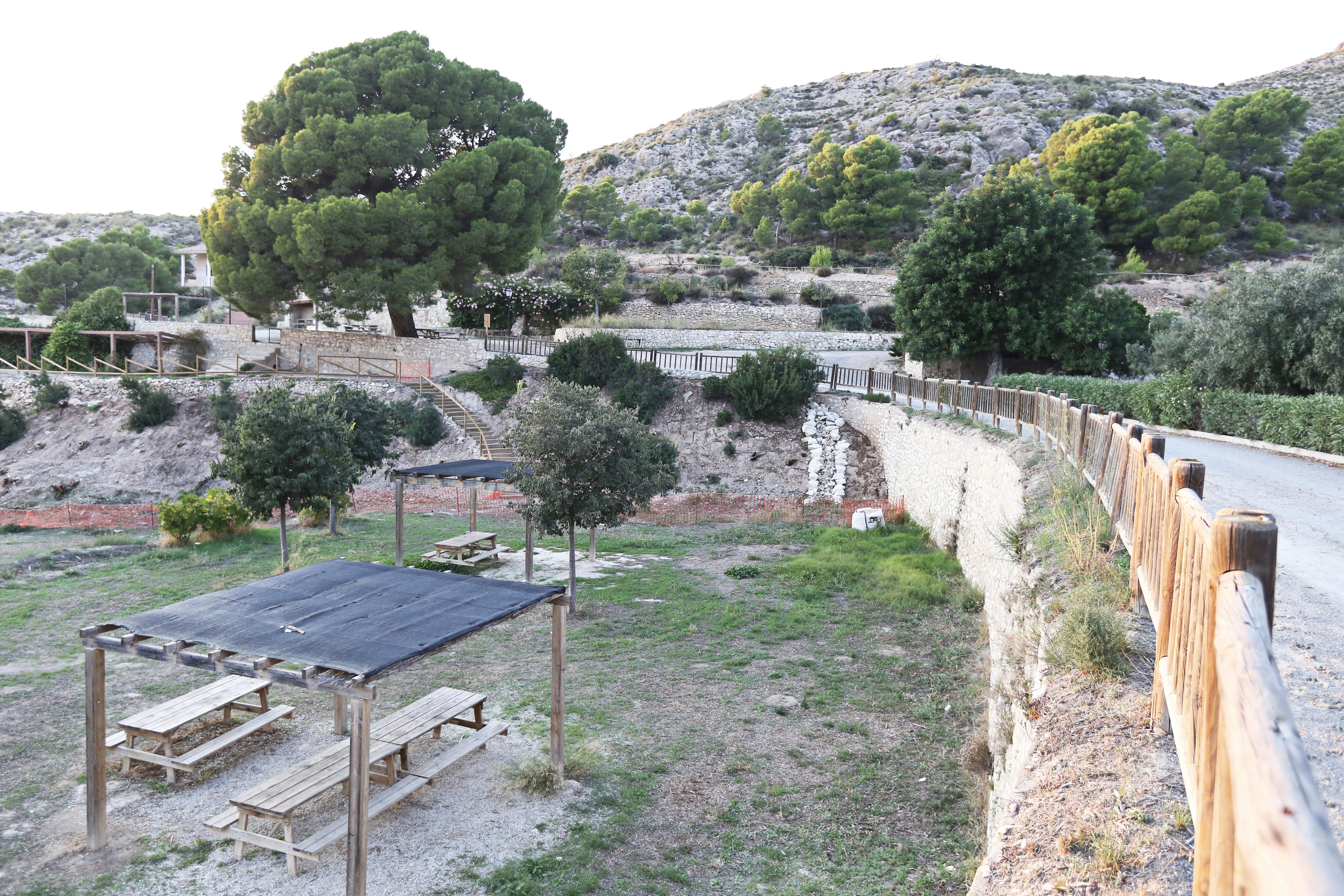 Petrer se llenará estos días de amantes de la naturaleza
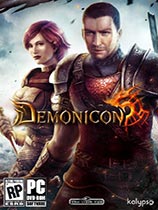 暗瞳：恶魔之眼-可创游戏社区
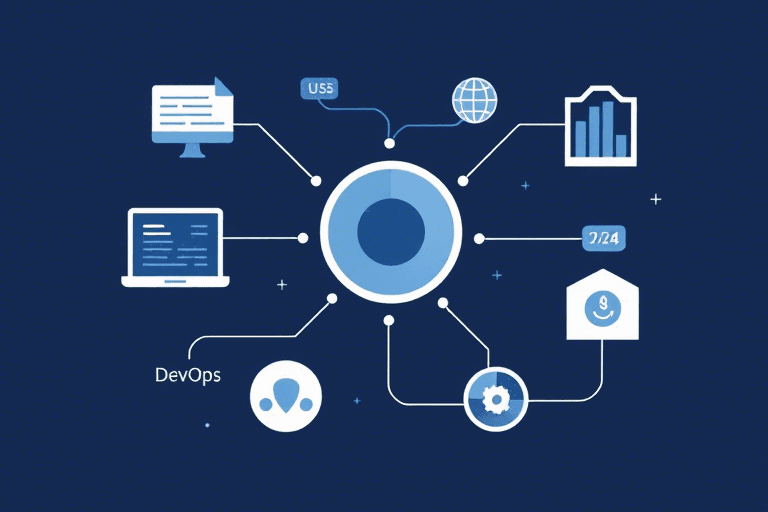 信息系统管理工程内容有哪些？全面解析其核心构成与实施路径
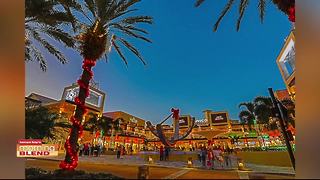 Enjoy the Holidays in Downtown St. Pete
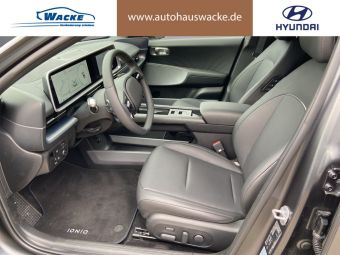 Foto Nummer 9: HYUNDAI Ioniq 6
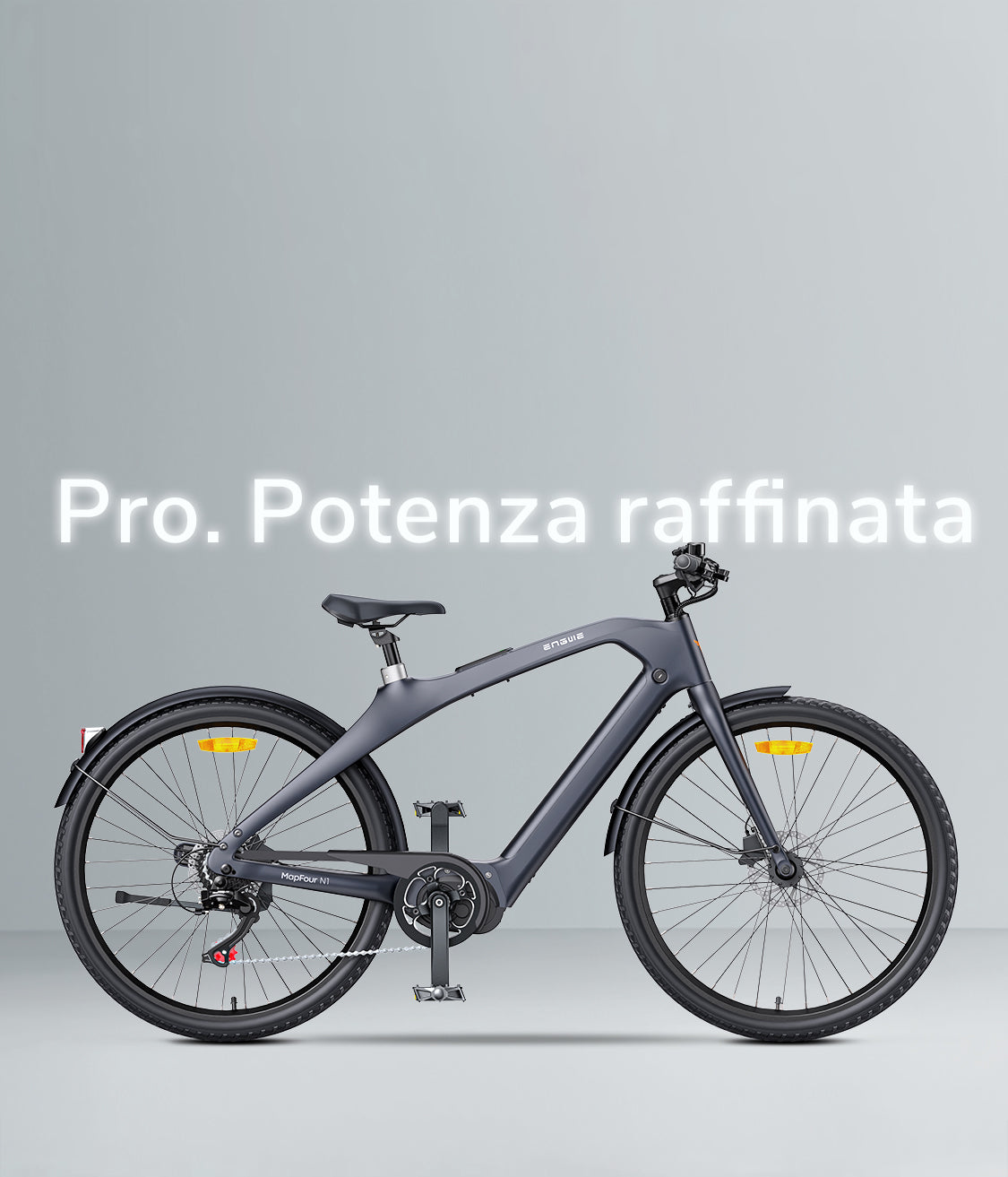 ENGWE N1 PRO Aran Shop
--
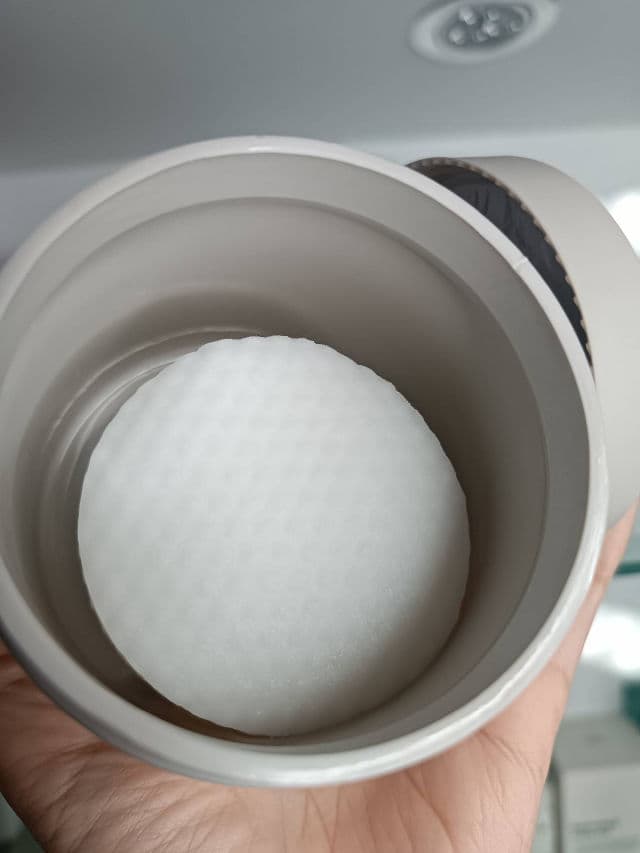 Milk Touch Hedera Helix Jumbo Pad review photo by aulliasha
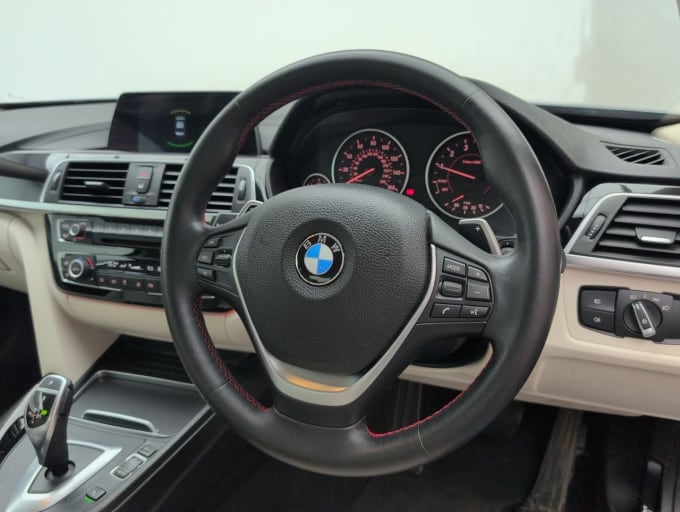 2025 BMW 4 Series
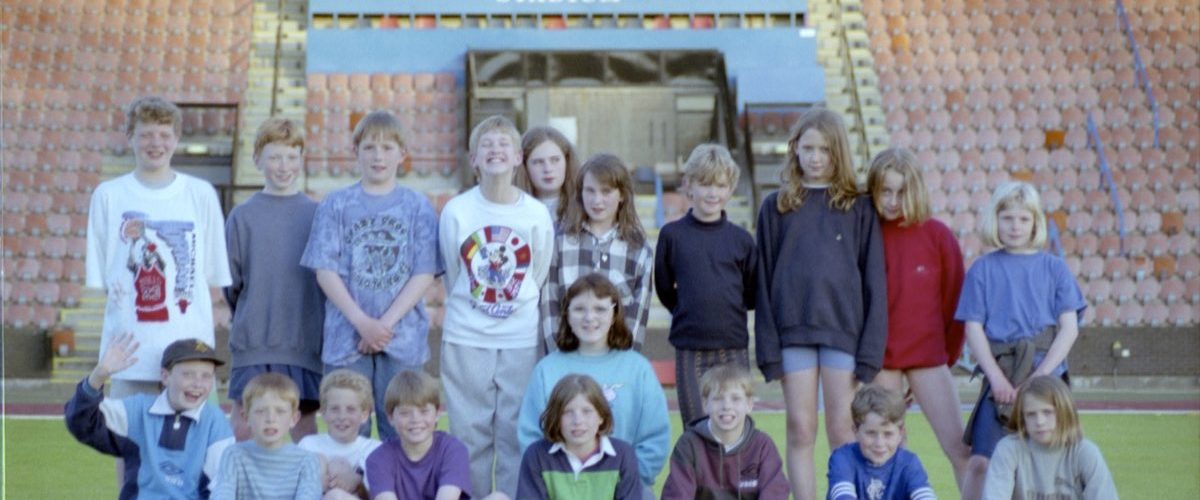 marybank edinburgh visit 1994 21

#### HOW TO COMPLETE THIS TASK:
Above are some records; quote exactly and only the lines that begin at the line containing "Foto Nummer 9: HYUNDAI Ioniq 6" and stop after the line containing "ENGWE N1 PRO Aran Shop", leaving out the pictures.

#### SOLUTION TO THE EXERCISE:
 Foto Nummer 9: HYUNDAI Ioniq 6
 ENGWE N1 PRO Aran Shop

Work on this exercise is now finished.